County Fair Board Chairman Bill Thompson said last year’s county fair was troubled by poor weather conditions, contributing to a budget deficit currently estimated at $188,000.
Beer sales could help solve the financial issues, Thompson said, although he recognizes that such a break with tradition would not be popular in some circles.
“I think there’s a pretty strong feeling against it,” he said. “For the foreseeable future, I don’t see it happening. Down the road? Who knows?”
The question of serving beer at what has always been a “dry” county fair came up Dec. 11 at the annual fair board meeting, raising the hackles of some who want to see the event stay dry.
The annual meeting is open to anyone who has purchased a lifetime county fair membership or who purchased an annual pass last year. The meeting is held to elect new board members and to discuss other business related to the fair.

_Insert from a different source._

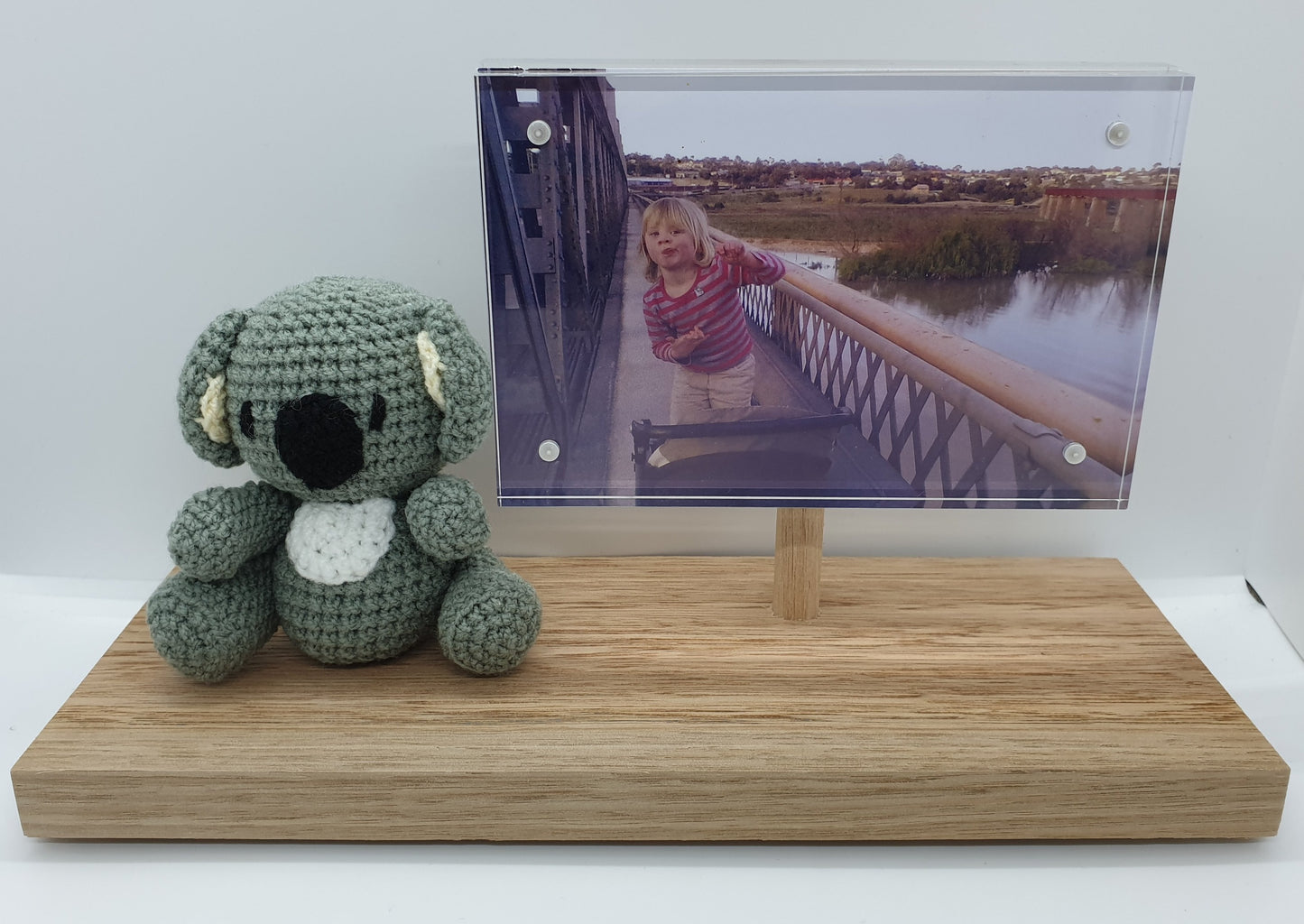 Picture Frame - Standing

With about 100 people present for the Dec. 11 gathering, an advisory vote on the question of selling beer showed a strong sentiment for not going down that road.
Gary Wallem of Elkhorn, a lifetime county fair member, said the fair board is not thinking hard enough about other ways of raising funds.

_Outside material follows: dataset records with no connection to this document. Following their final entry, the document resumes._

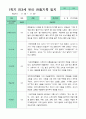 [관찰+발달] 만 3세 17명의  1학기 관찰일지와 발달평가 평가제 9페이지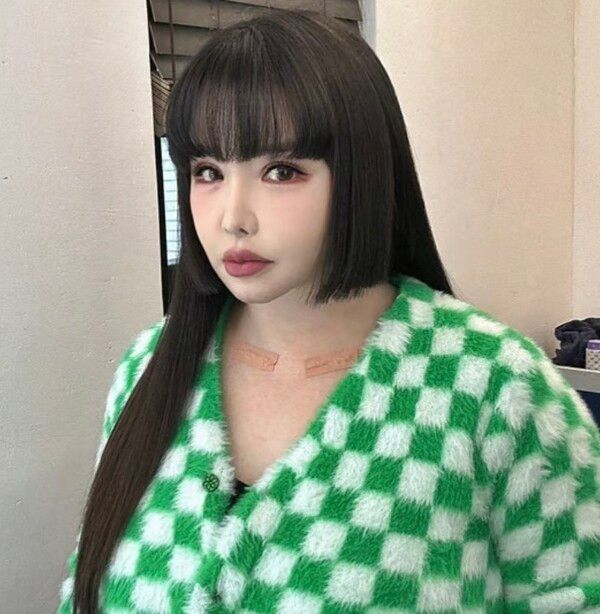 박봄 인스타그램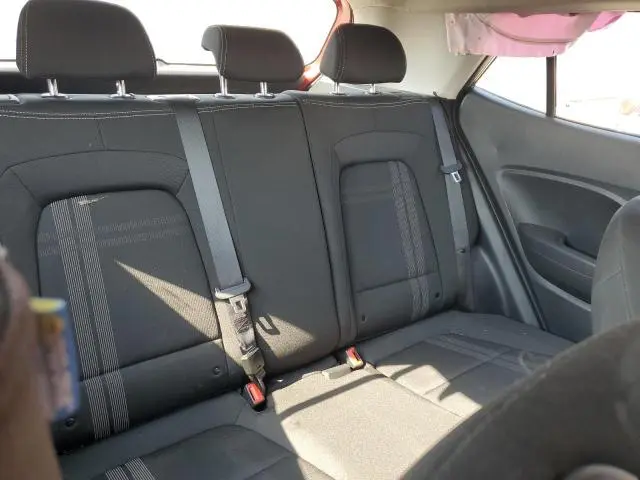 2021 HYUNDAI VENUE SEL  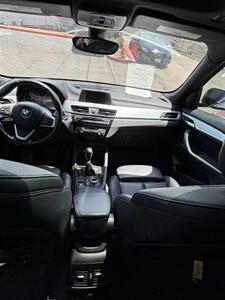2017 BMW X1 sDrive28i   - Photo 4 - Oceanside, CA 92054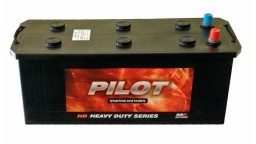 66514 ΜΠΑΤΑΡΙΑ PILOT 165AH ΑΝΟΙΧΤΟΥ ΤΥΠΟΥ 66514 ΜΠΑΤΑΡΙΑ PILOT 165AH ΑΝΟΙΧΤΟΥ ΤΥΠΟΥ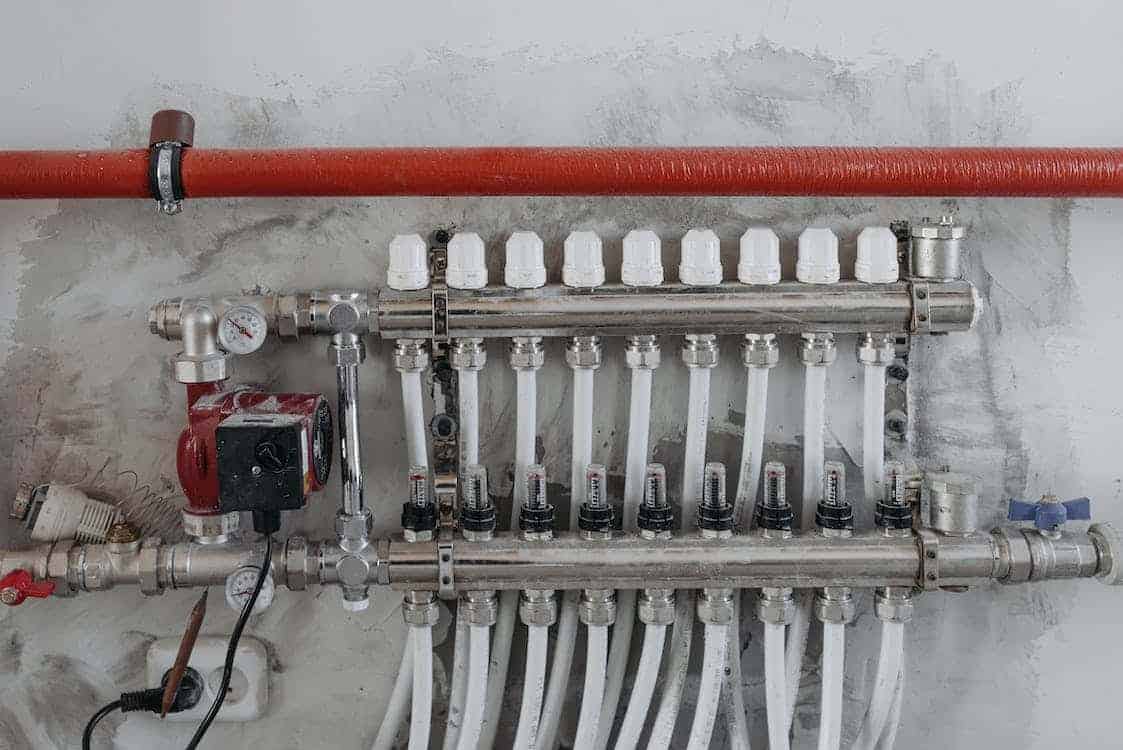 Plumbing Repairs In Penarth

“They think that beer is the savior of the fair,” Wallem said. “We don’t need it. We’ve gone this long without it.”
The fair board is a private organization, also known as the Walworth County Agricultural Society, which started the fair in 1850. The fair is held every summer on the estimated 100-acre fairgrounds in Elkhorn.
Fair manager Larry Gaffey said he recognizes that nobody on the current 13-member board supports introducing beer to the fair. But the board may run out of alternatives.

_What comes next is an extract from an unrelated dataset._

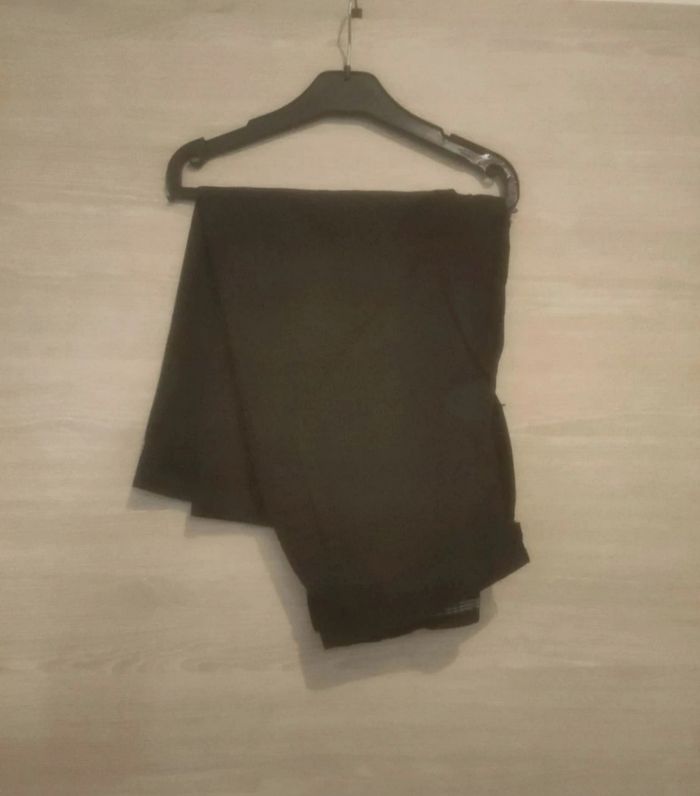 Pantacourt Adidas femme taille 38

With the $188,000 deficit, finding a way to balance costs with income is difficult, Gaffey said.
“Trying to keep the fair affordable for families is a continuing challenge,” he said.
The fair is supported by ticket sales, special events and concession rentals during the fair, as well as special events held throughout the year, including flea markets, concerts and other festivals. This past summer featured Rib Fest and Mole Fest.
The fairgrounds has a liquor license, and beer is served at many other events held there. But those events do not always pay off.
Not unlike the fair itself, Mole Fest ran into inclement weather and was “not a win” for the county fair, Gaffey said.
Two Walworth County Board members, Charlene Staples and Sue Pruessing, attended the Dec. 11 annual meeting, and both expressed opposition to beer sales at the county fair.
Staples said the county fair and its decision whether to sell beer affects a “good chunk” of the county. Noting that the county board has helped finance capital projects for the fair, Staples said fair board members should be sensitive toward the opinions of county residents.
“Among the people I talk to, most say keep the alcohol out of the fair,” she said.
Pruessing said those proposing to allow beer at the fair should show how beer sales would improve the fair’s financial bottom line.
“Is it strictly money? And if it is, where are the figures?” she asked.
Wallem said selling beer at the fair would involve the cost of setting up an appropriate area for beer sales, checking IDs and providing security.
While it is OK to sell beer during other events on the fairgrounds, Wallem said, “For the six days of the fair, it should not be.”
John Mancusi of Delavan, another participant at the annual meeting, said the county fair is intended to be family-friendly, and that selling beer would go against that tradition.
Mancusi said he does not believe the fair needs to go to beer sales.
“It’s low-hanging fruit; it’s an easy way to go,” he said. “It’s just bad policy.”